In the trilogy’s second installment, “Magnus Chase and the Hammer of Thor,” Magnus is burdened with a grueling task. He must find Thor’s missing weapon, a devastatingly powerful hammer with the ability to save or destroy the gods. Magnus is roped into an elusive journey to find the weapon as doomsday looms closer than ever.
On top of that, his new hallmate Alex is a child of his sworn enemy, and his friends Blitz and Hearth are nowhere to be found. But with a dangerous wedding quickly approaching and Magnus’s own complicated family ties, the conflict becomes far bigger than just a hammer. The fate of the worlds — all nine of them — hang in the balance.
“The Hammer of Thor” continues the nonstop humor and action that was well-established in the first book, “The Sword of Summer.” As Magnus adjusts to his new realm of existence, the warring gods only make it harder for him to find his footing. The amped-up danger and upward character development grants this installment an impeccable voice, bursting with the humor and heartache Riordan is known for.

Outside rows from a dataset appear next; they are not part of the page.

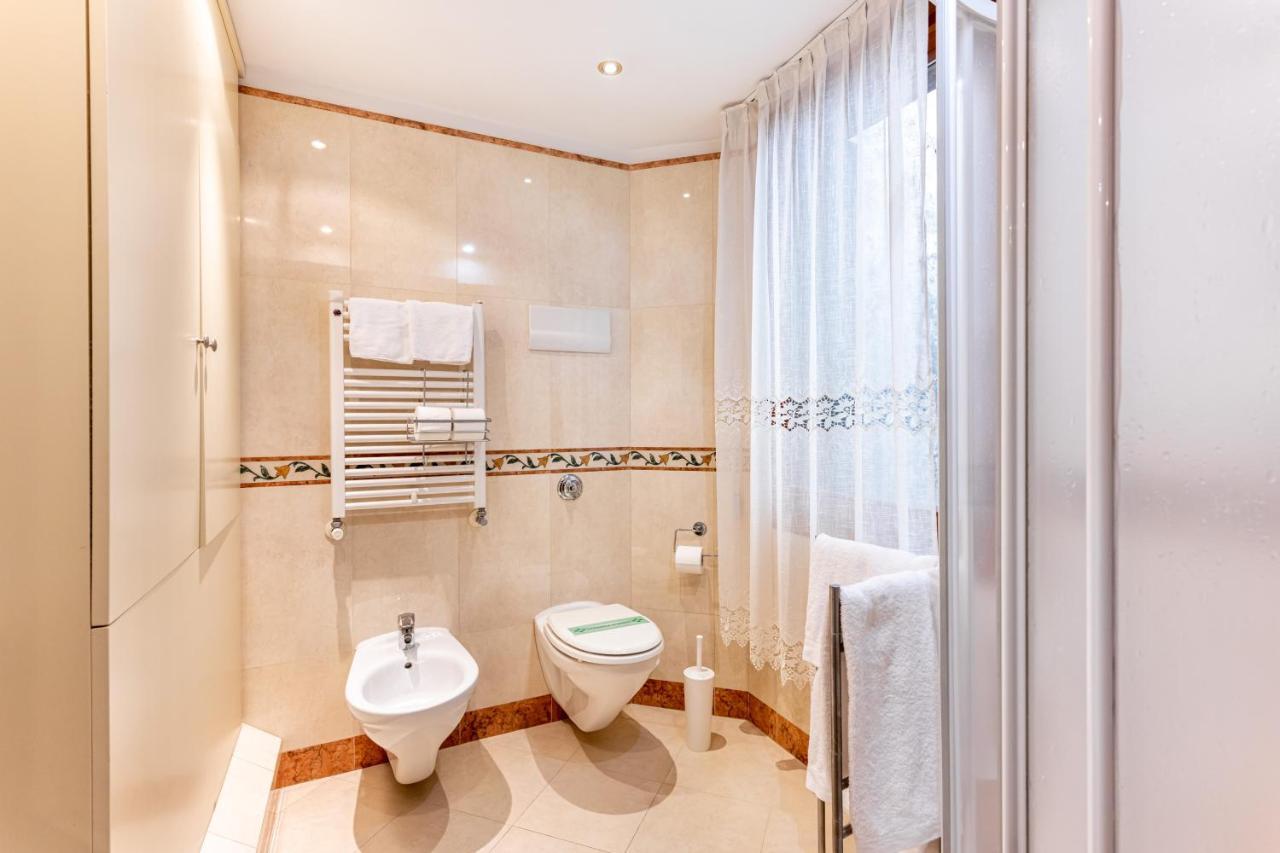 Apartmán Ca' Pinelli Benátky Exteriér fotografie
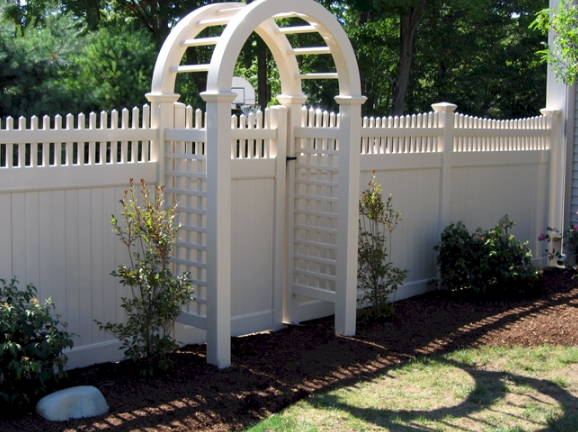 Atlantic Fence Supply | 125 Depot St, Bellingham, MA 02019, USA | Phone: (508) 692-9616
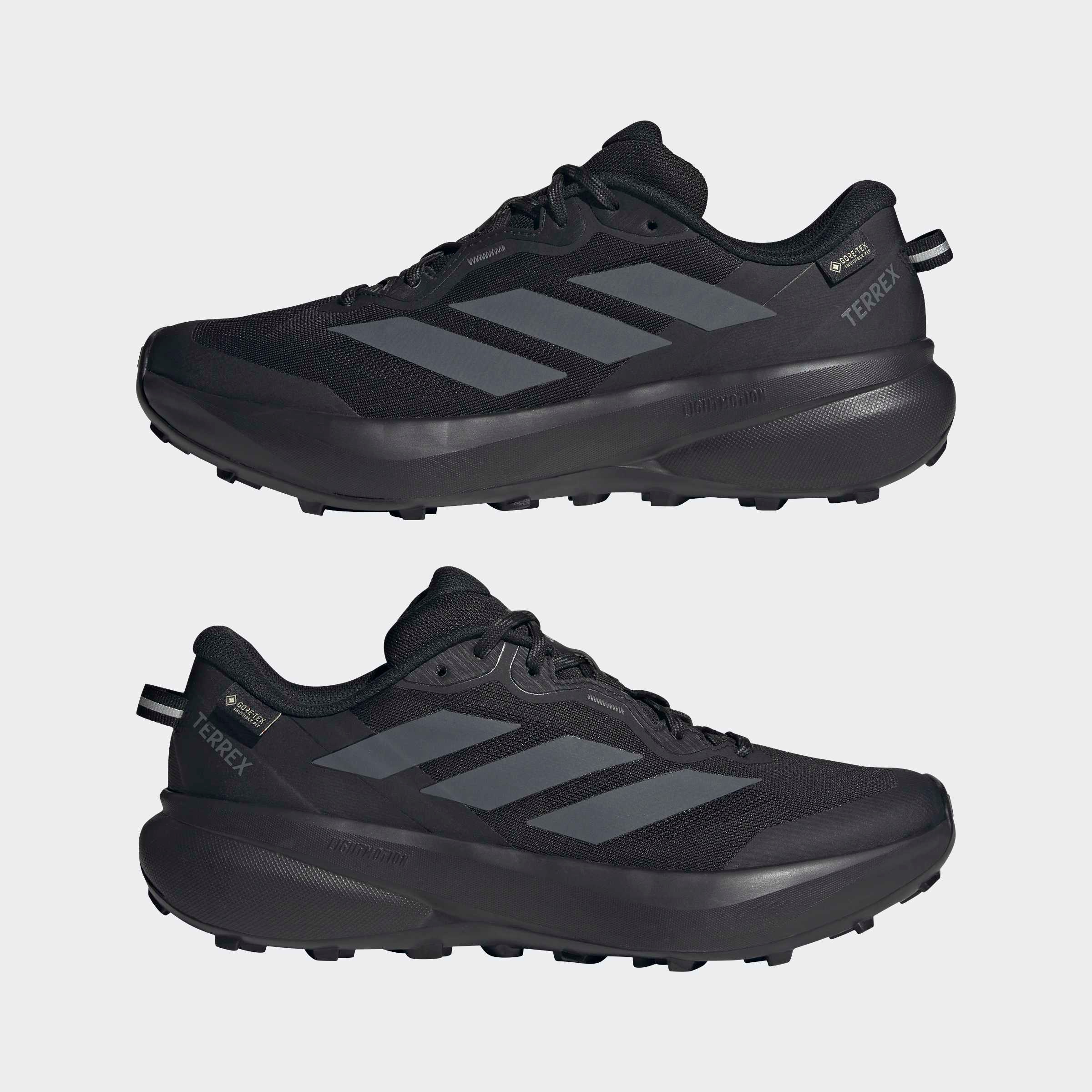 adidas TERREX Trailrunningschuh »TRACEFINDER PLUS GORE-TEX«  wasserdicht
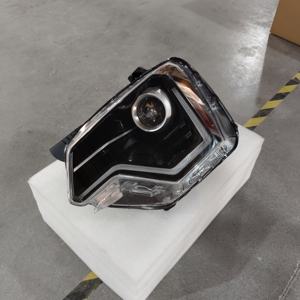 Fari Alogeni di Ricambio per Carrozzeria Auto per Kia <span class=keywords><strong>Niro</strong></span> 2023-2025. 92101-AT050/92102-AT050 - Product Image 6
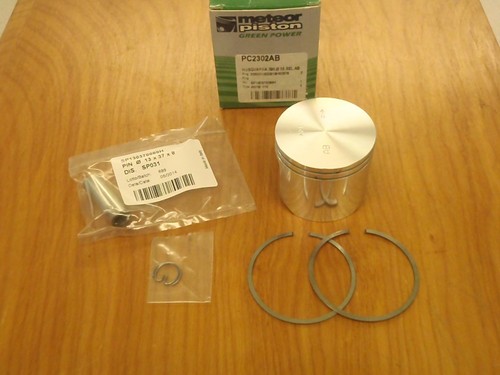 Kit pistone meteor per - meteor,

I seriously wish we had more than just three books to spend with this cast of characters, because they’re really something special — especially now that Alex Fierro, the first ever genderfluid character to grace the pages of a bestselling young adult series, has arrived.
As a reader, I absolutely love exploring Riordan’s worlds. He’s most famous for the Percy Jackson series, but I’m still thoroughly in love with this Norse-filled adventure. He’s mastered an insanely entertaining style that keeps the humor and heart at the forefront, but with just enough authentic heartbreak to keep it meaningful and real — or as real as it can get in a hotel full of millions of dead Vikings.

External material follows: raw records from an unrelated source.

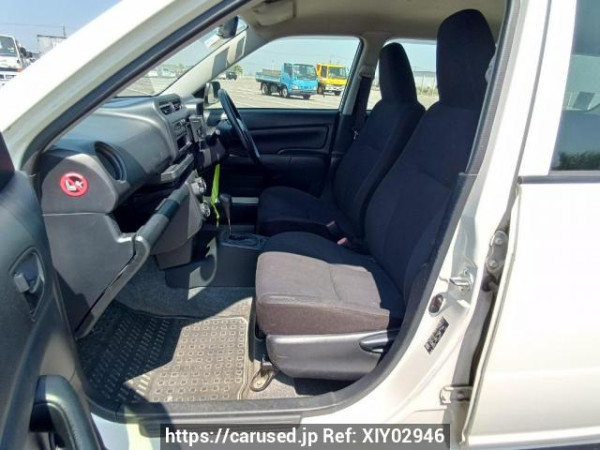 Used 2014 AT toyota probox-van NCP160V Image[15]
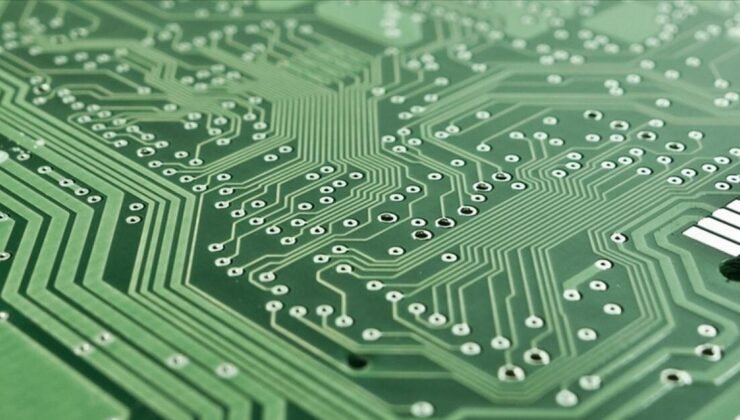 Küresel yarı iletken satışlar yüzde 7,8 arttı
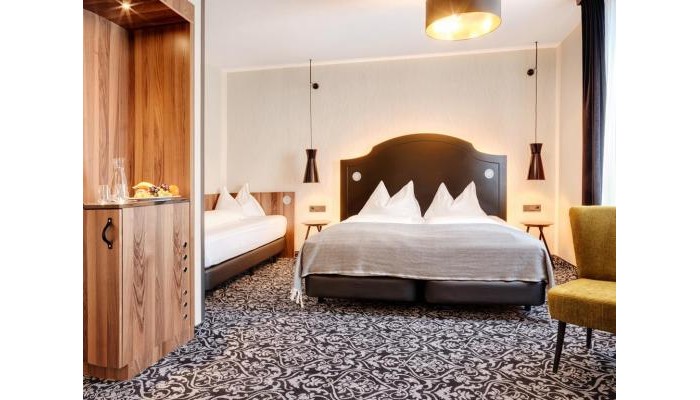 Poza pentru Hotel Grauer Bar 8293-1570618516 Hotel Grauer Bar poza 14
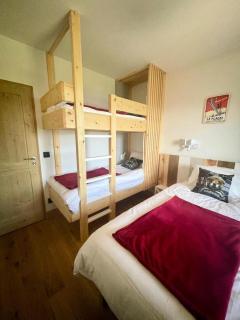 Résidence Le Manaka - Appartement de standing spacieux pour 10 personnes MAE-0221 - 3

Bringing ancient mythology into a modern worldview presents several challenges, but this trilogy is a prime example of effectively giving history an exciting makeover that’s accessible to any modern reader.
I learned so much about Vikings, the Norse pantheon, and their complicated history — without even realizing it. Though Riordan admittedly writes for a young audience, his universal tales of identity, overcoming loss, and heroism are relatable and enjoyable for a reader of any age. The echoes of his story are heard and loved by legions of fans across the globe.
I’m psyched for next October, when this series will conclude with “The Ship of the Dead.” I’m also super sad that the quick journey alongside Magnus and company is already coming to an end! But I have every faith that it’s going to be one heck of an ending. See you next autumn, Valhalla.